Given entries:
+===+

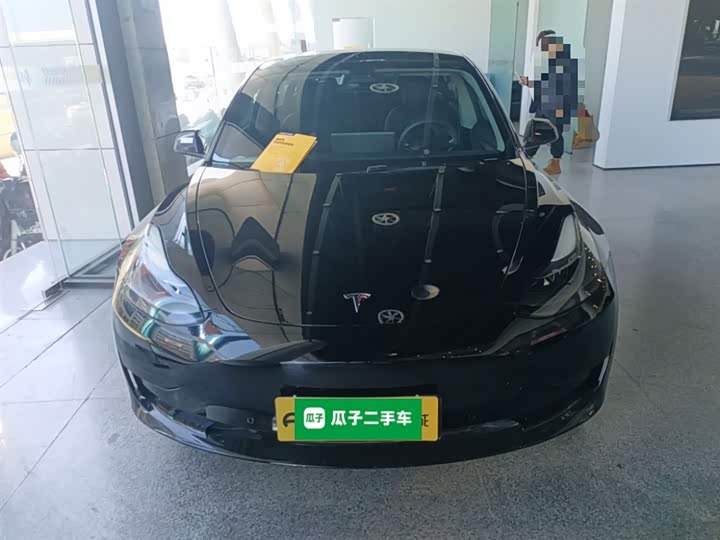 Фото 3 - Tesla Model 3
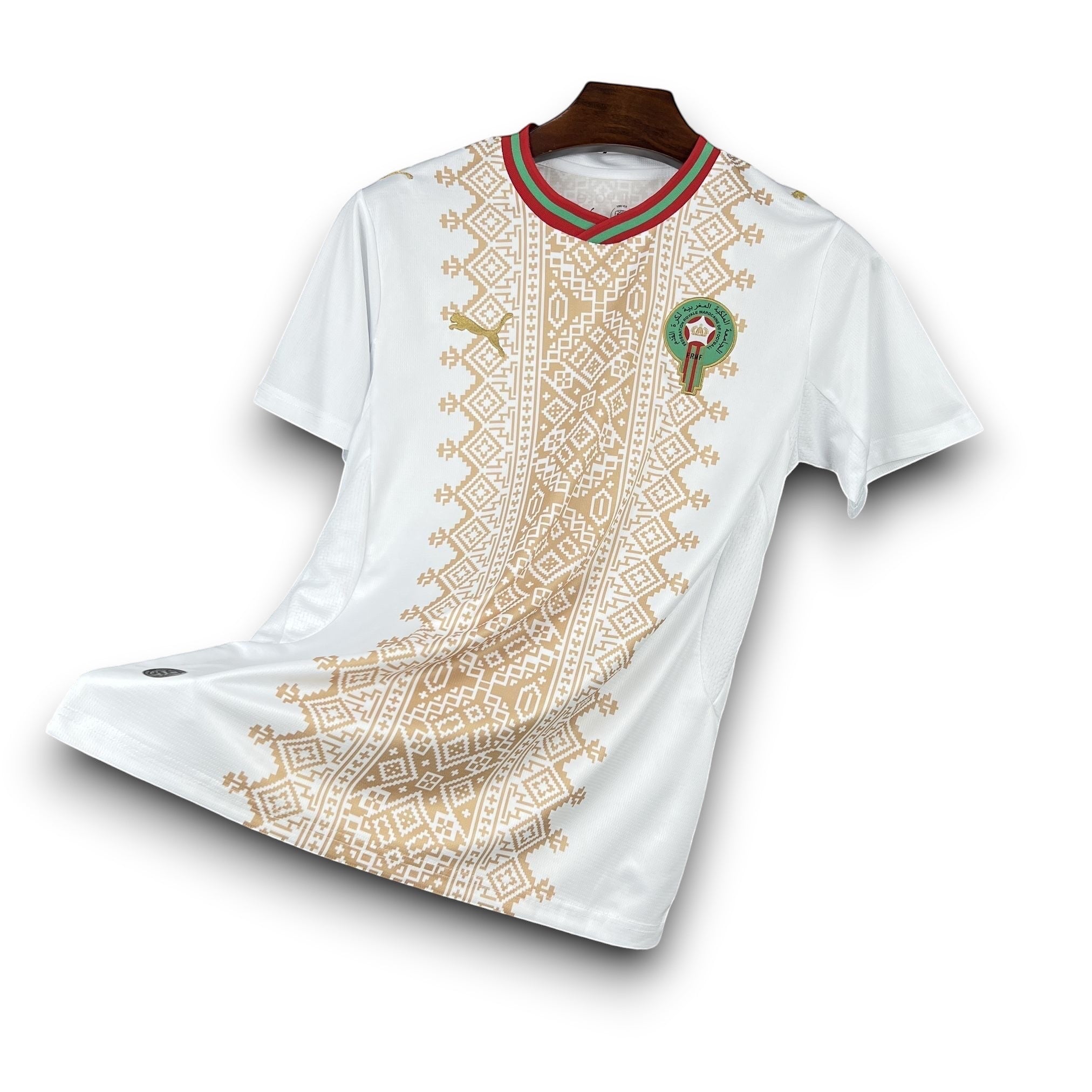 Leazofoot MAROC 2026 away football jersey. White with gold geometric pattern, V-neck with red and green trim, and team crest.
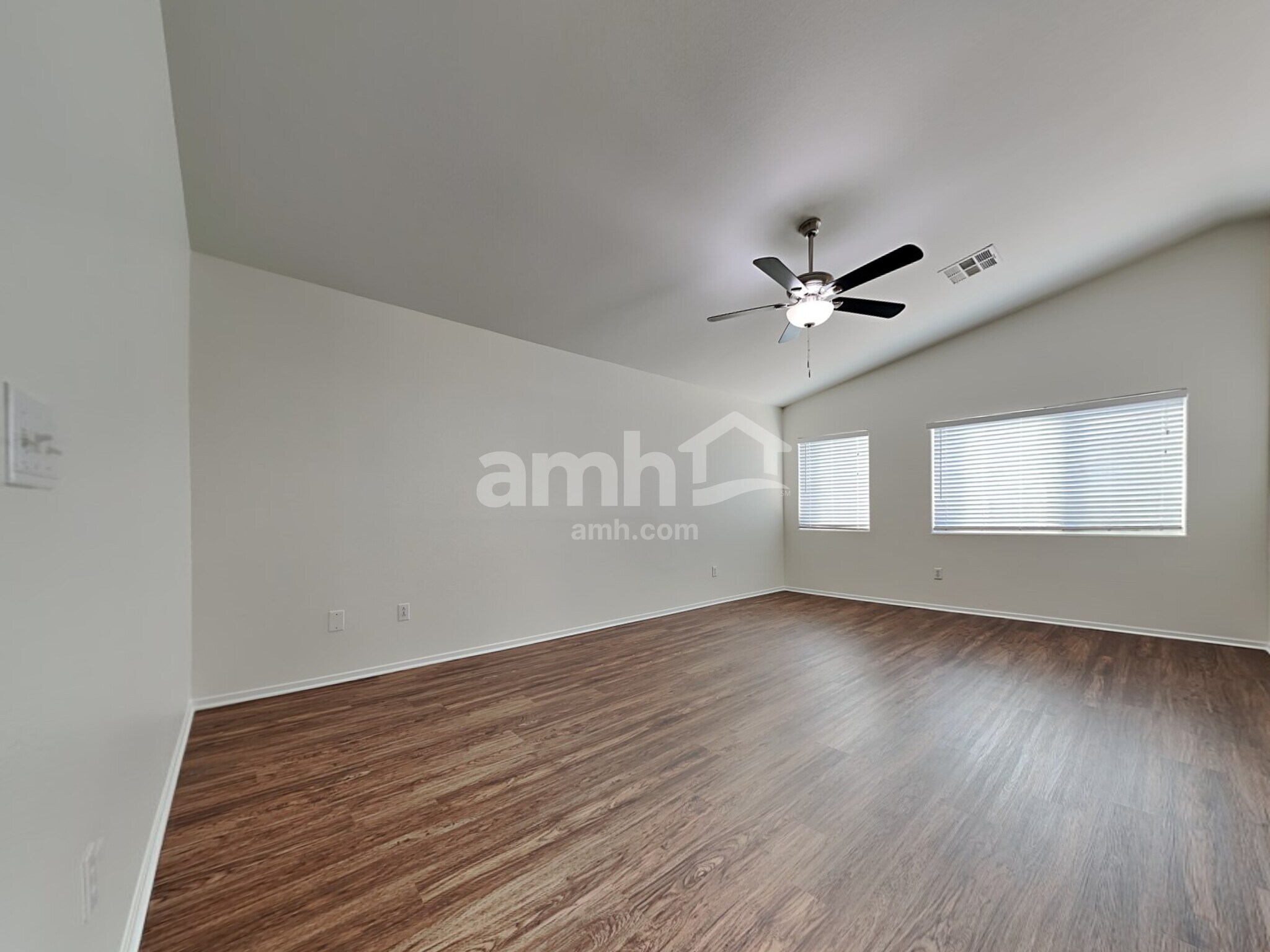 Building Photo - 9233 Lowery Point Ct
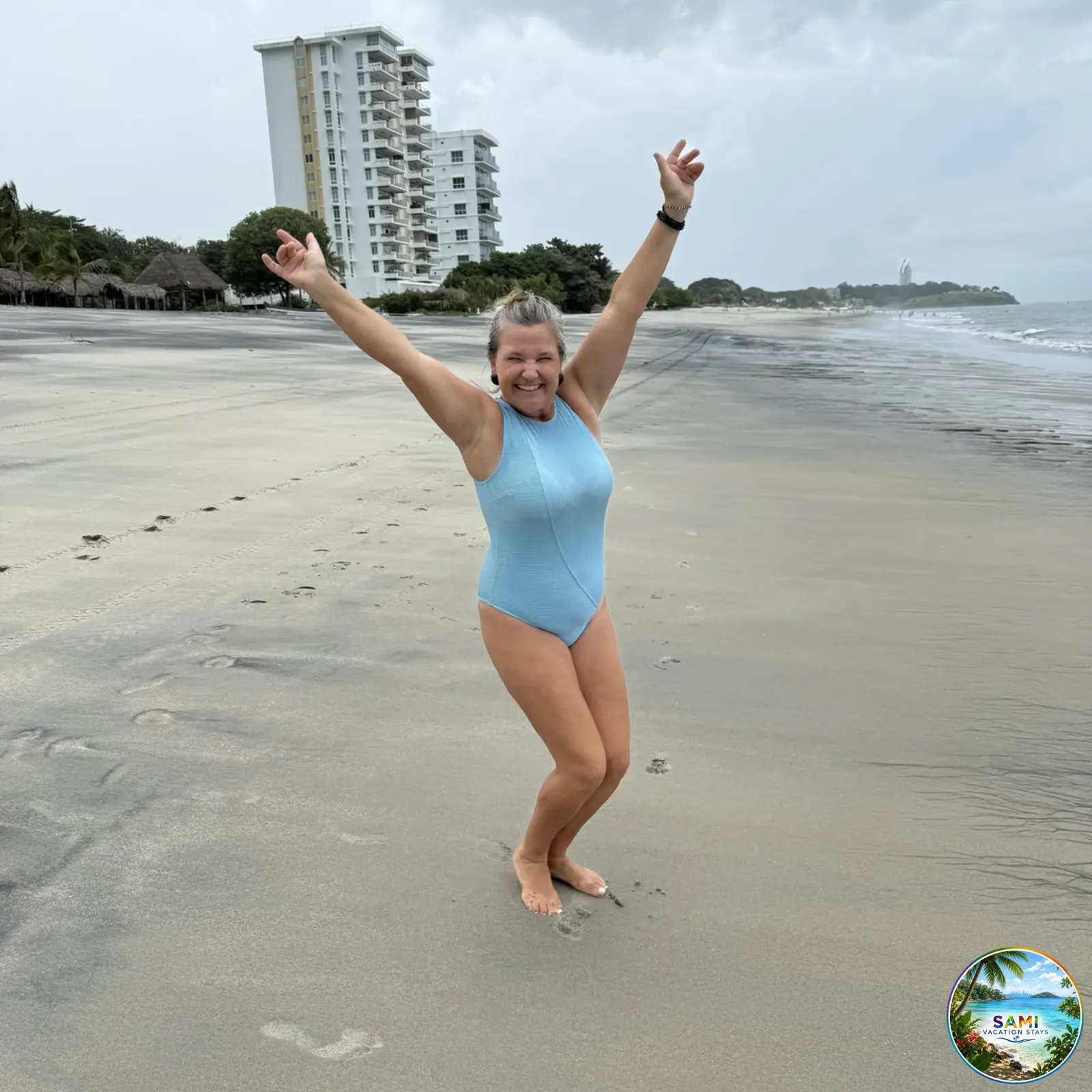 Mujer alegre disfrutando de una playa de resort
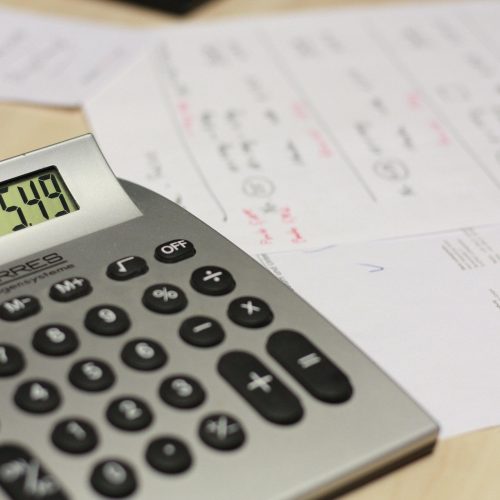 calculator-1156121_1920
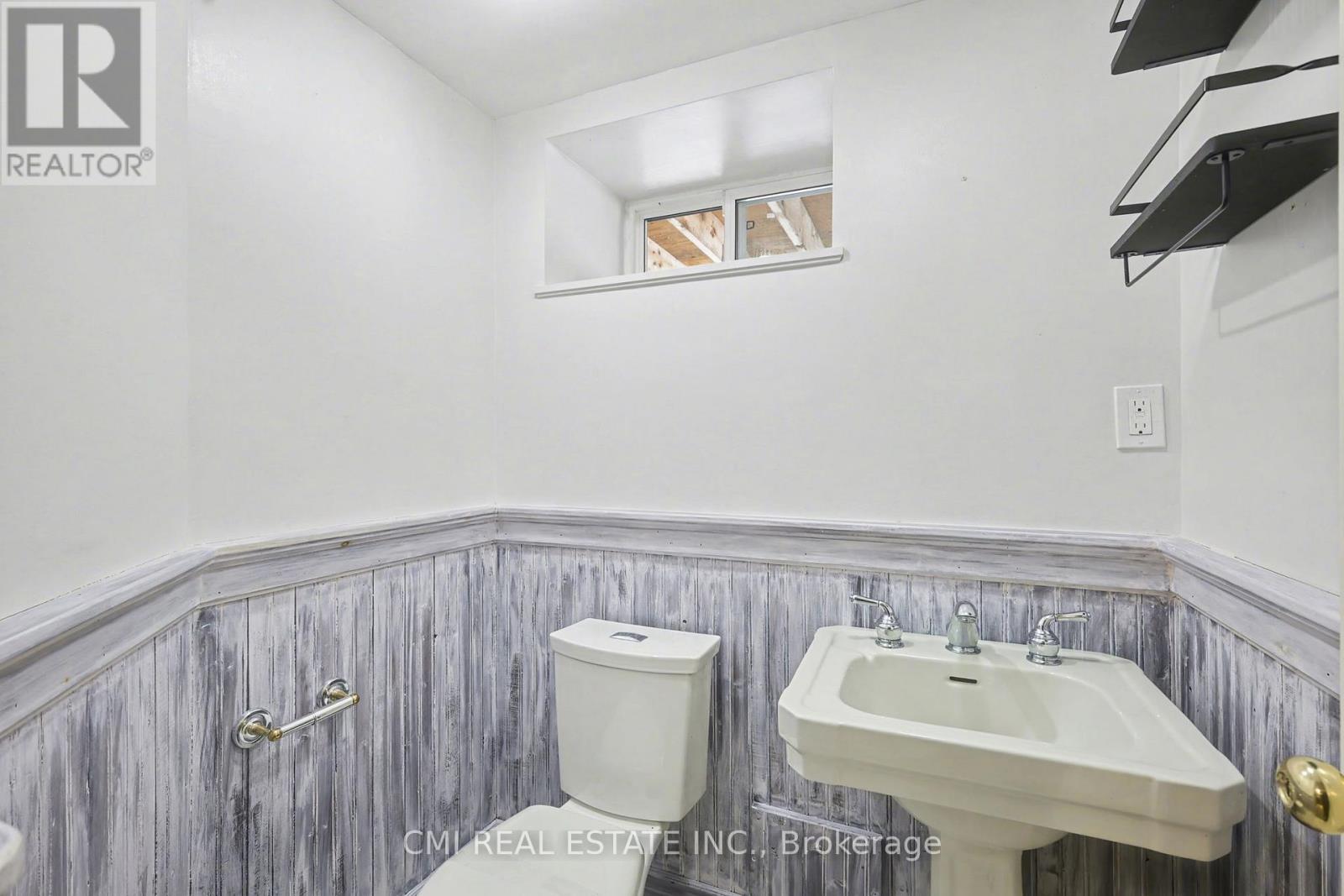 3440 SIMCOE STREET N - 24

+===+

What to produce:
Omit the pictures, then give every record back exactly as it stands.

Response box:
 Фото 3 - Tesla Model 3
 Leazofoot MAROC 2026 away football jersey. White with gold geometric pattern, V-neck with red and green trim, and team crest.
 Building Photo - 9233 Lowery Point Ct
 Mujer alegre disfrutando de una playa de resort
 calculator-1156121_1920
 3440 SIMCOE STREET N - 24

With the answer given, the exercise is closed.